* [Work to be completed] Transcribe the whole listing without a single picture.

* * * * * * * * *

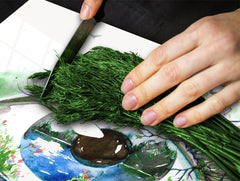 Glass stove top 60D19: Fairytale eye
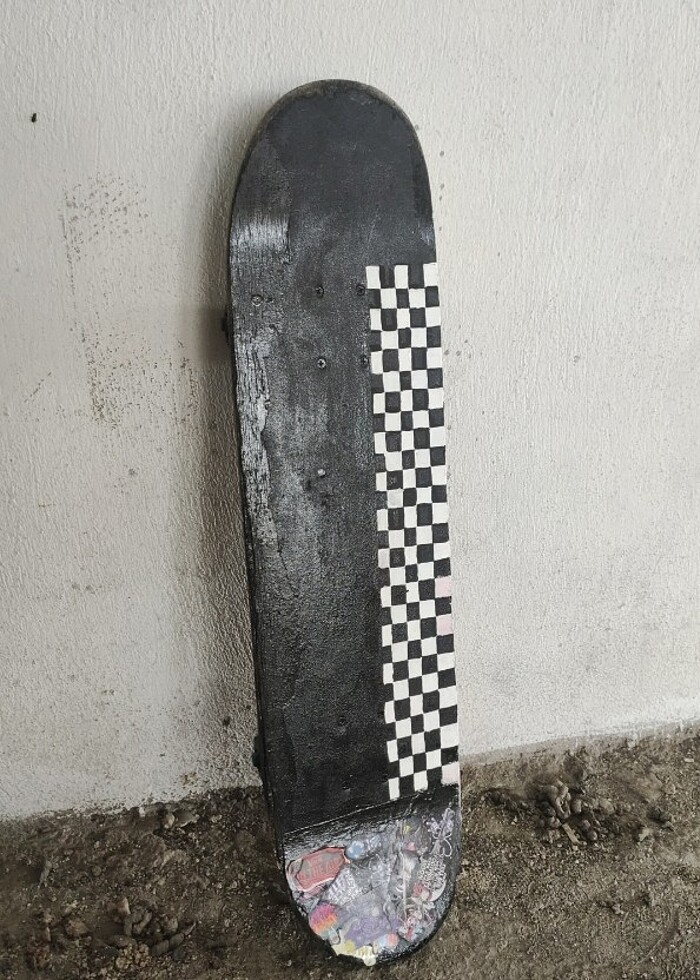 Siyah kaykay - Görsel 3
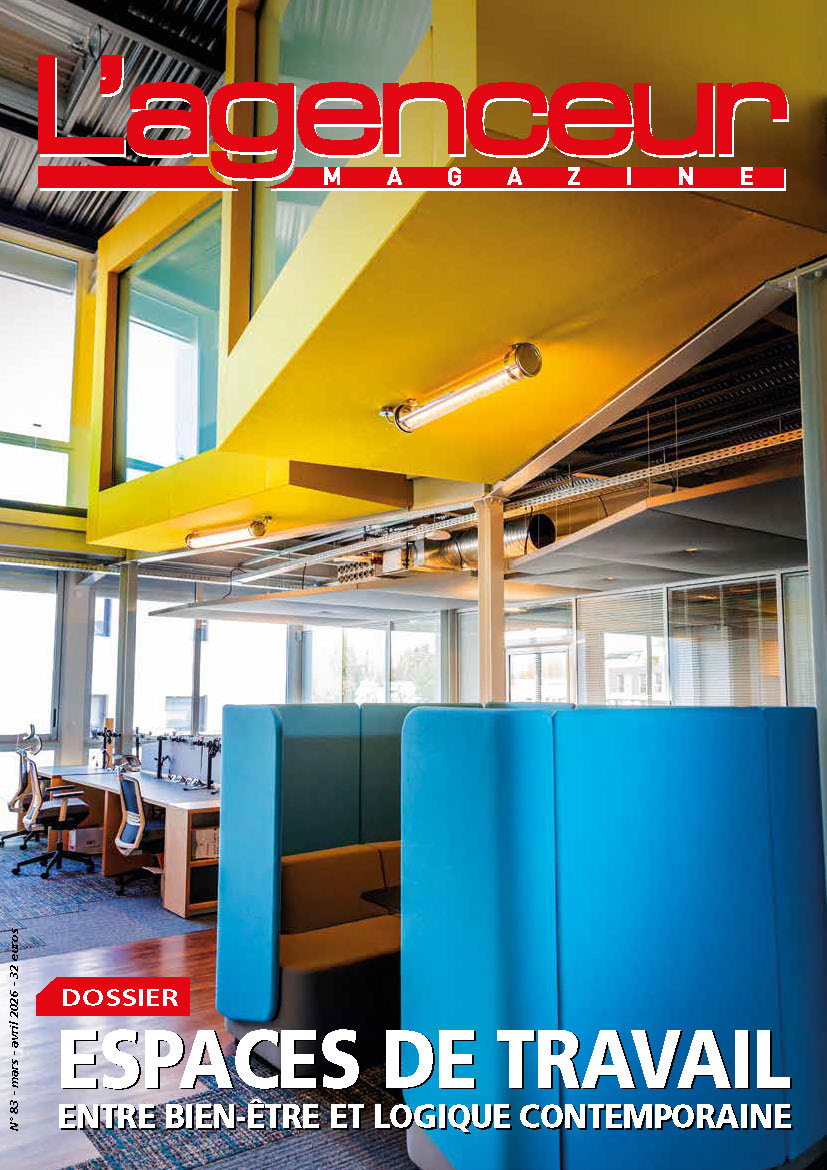 couverture de l'agencera magazine N°83 spécial bureaux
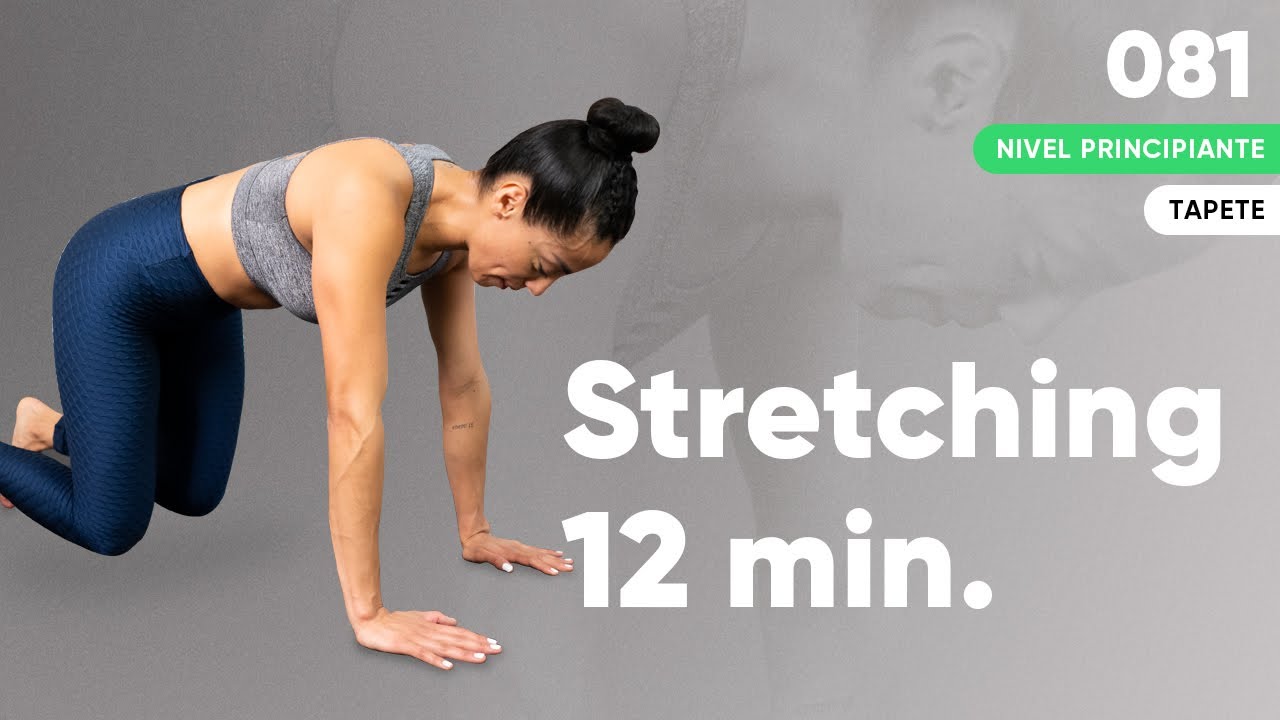 Rutina de Estiramiento (Cool down) ✨| ¡12 minutos para estirar diariamente!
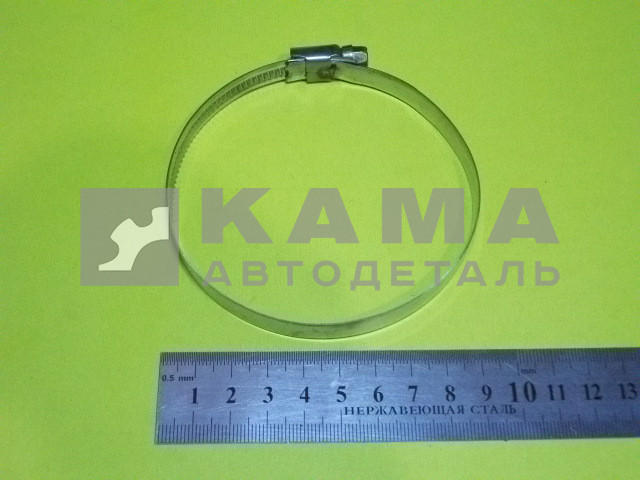 хомут ленточный 70-90мм (07090)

* * * * * * * * *

* [Exercise response]
 Glass stove top 60D19: Fairytale eye
 Siyah kaykay - Görsel 3
 couverture de l'agencera magazine N°83 spécial bureaux
 Rutina de Estiramiento (Cool down) ✨| ¡12 minutos para estirar diariamente!
 хомут ленточный 70-90мм (07090)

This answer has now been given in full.